Concerns for the security of application run in the cloud are running high. The perceived lack of security of cloud platforms is often cited as the primary obstacle to adoption. Whether "cloud" is defined as infrastructure as a service (storage and compute services ala Amazon), platform as a service (application deployment environment ala Google App Engine), or simply as application outsourcing (SAAS ala SuccessFactor), almost everyone is lamenting at the security inadequacies of these new computing platforms.
This raises the question whether cloud providers should envision becoming security companies. After all, why would CIOs ever shift their entire IT infrastructure to the cloud unless the cloud came with strong security, compliance assurance and operational risk management? Conversely, should security companies rapidly transform themselves into cloud providers? After all, why would an enterprise that has crossed the Rubicon of moving the IT infrastructure to the cloud ever want to keep on buying security from a security company? Instead, would not enterprises customers expect cloud service providers to bake in security as part of the cloud offering? Despite the need for secure clouds, security companies are not yet focusing on IT infrastructure as a service. Instead, most security vendors are exploring security as a service, that is the cloud as a delivery mechanism for traditional security services. The MessageLabs acquisitions by Symantec, the MX Logic acquisition by McAfee and the recent acquisition of ScanSafe by Cisco gives credence to the popularity of the cloud as the savior for all enterprise security companies faced with the spectrum of contracting software licenses revenue and profit margins.
Interestingly, the so-called insecurity of the cloud does not need to be a perennial curse. The shift of IT to the cloud actually provides a significant opportunity to improve the way we do IT security today. In the same way as the cloud is transforming IT deployment and management, it will transform security. Consider for example, vulnerability and patch management. From a security standpoint, the most tangible risk is the failure to keep up with the constant, labor-intensive process of patching, maintaining and securing each server in a company. Although vulnerability assessment can be automated through external network and application penetration testing, there is still a lot of labor-intensive process and extreme customer pain in patching networks, servers and software: ports must be closed, networks must be segmented, patches must be installed installed, application code needs to be changed, etc.

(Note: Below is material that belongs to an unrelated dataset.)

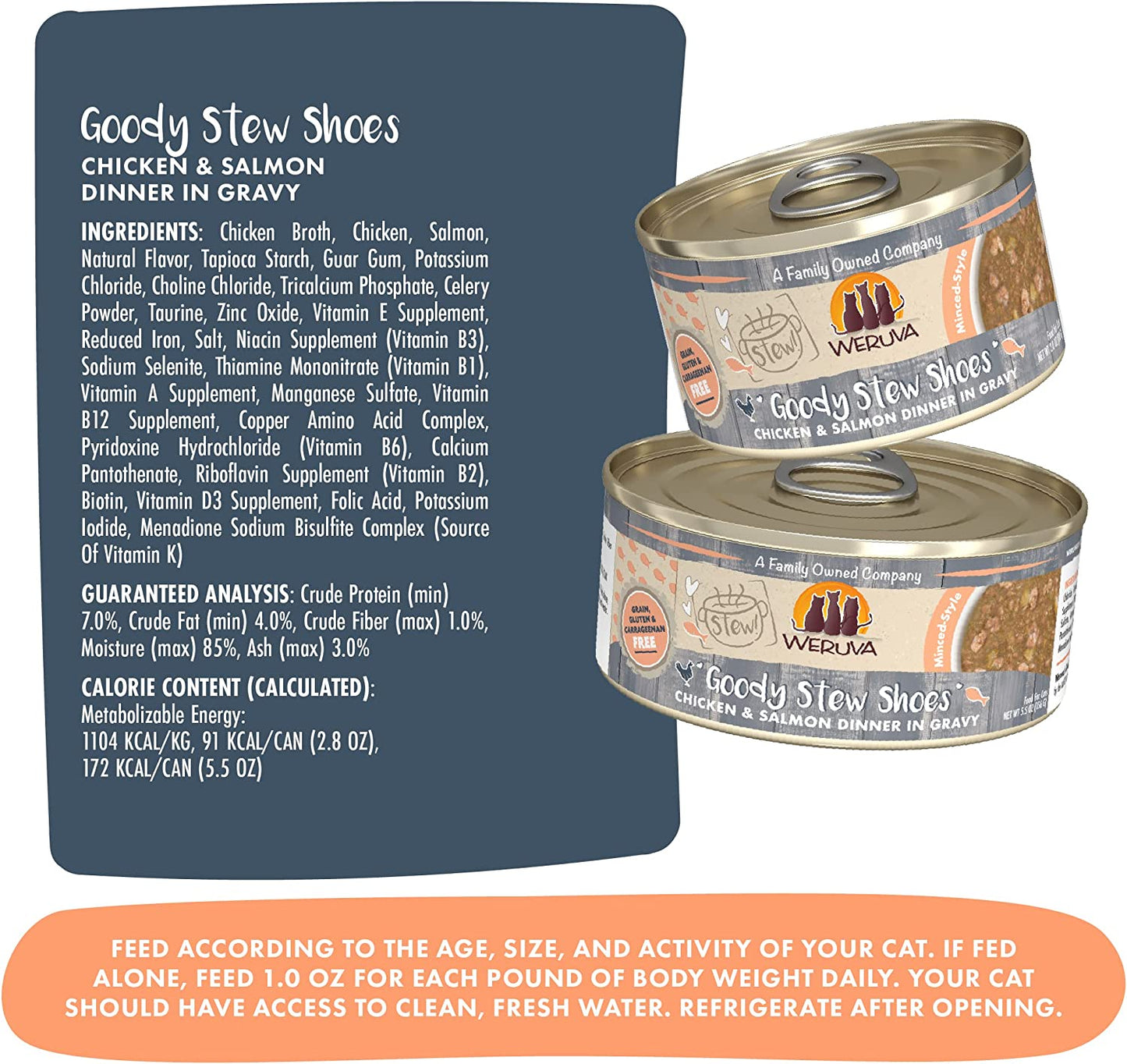 Classic Cat Stews!, Goody Stew Shoes with Chicken & Salmon in Gravy, 2.8Oz Can (Pack of 12)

Contrast this to what the cloud can enable. If an application is running in the cloud, the cloud provider takes responsibility for the hardware, OS, network, and third party software, making sure they are hardened and certified. A choice of infrastructure elements with varying security assurance levels is offered, but the customer internal security policies govern deployment. All infrastructure elements are periodically pen-tested for known and zero-day exploits. As new vulnerabilities are identified, an automated patch process is implemented. New virtual images are built and automatically deployed across the virtualized infrastructure. Virtual switch segments and firewall rules are updated in real-time. When vulnerabilities are found in the custom IT application code, a virtual Web Application firewall automatically blocks them. Virtual IPS and IDS capture, correlate and log all security events. Compliance logs, reports and scan results are automatically sent to customers and auditors whilst being securely archived. An end to end managed security model, orchestrated by a pool of specialized and over-trained security administrators becomes possible; a far cry from today's reality of patching and software security maintenance.

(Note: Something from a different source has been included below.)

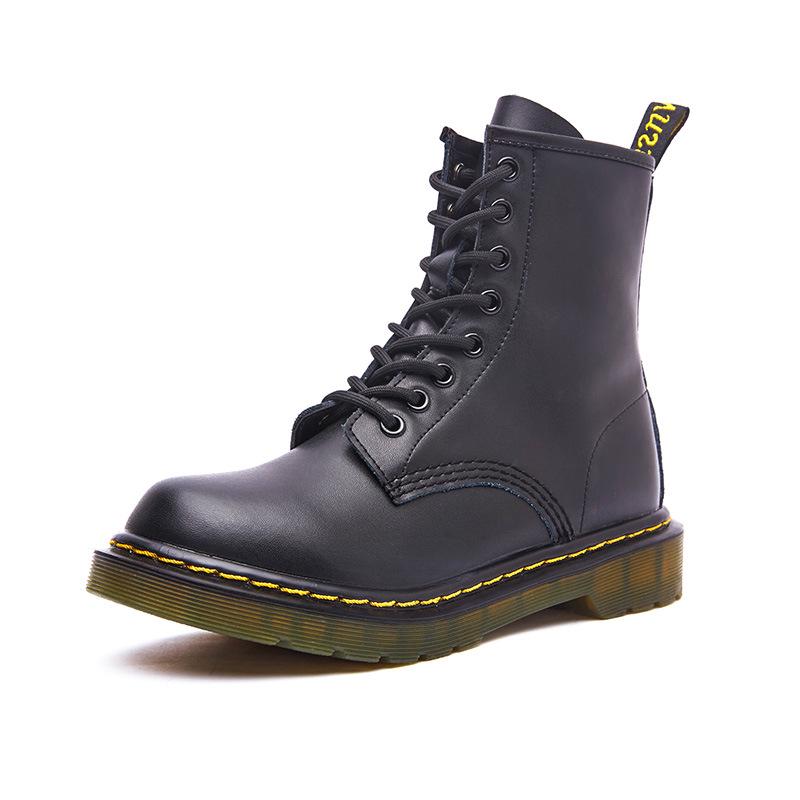 2025 Trendy British Style Genuine Leather Martin Boots for Women & Men: Retro Versatile Mid-Calf & Ankle Motorcycle Boots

Therefore, far from being a security liability, the shift to the cloud is an opportunity to streamline, automate and strengthen IT security. For progressive security companies, this could be game changing. For those unable to renounce their addiction to an aging licensing business model, it could be doomsday. In the same way that the cloud is challenging software platform vendors and ISVs, the cloud is about to disrupt the world of security. The quest for security differentiation in cloud platforms may even drive industry consolidation. Of course, skeptics will assert that the cloud is a fad and that nothing is really changing (watch Larry Ellison at the Churchill Club exposing the hype). Denying the transformational nature of virtualization (the genuine cloud OS) and multi-core computing technologies may be shortsighted. Ignoring the business model disruption of pay-as-you-go over software licensing may prove unwise. Personally, after a year of contracting GDP and anemic recovery forecast, I find it invigorating to believe that one in a decade technology disruptor and market breaker lies right in front of our industry. Displeases Mr Elisson, for once, keeping your head in the cloud may be the smartest IT business strategy for the many years to come.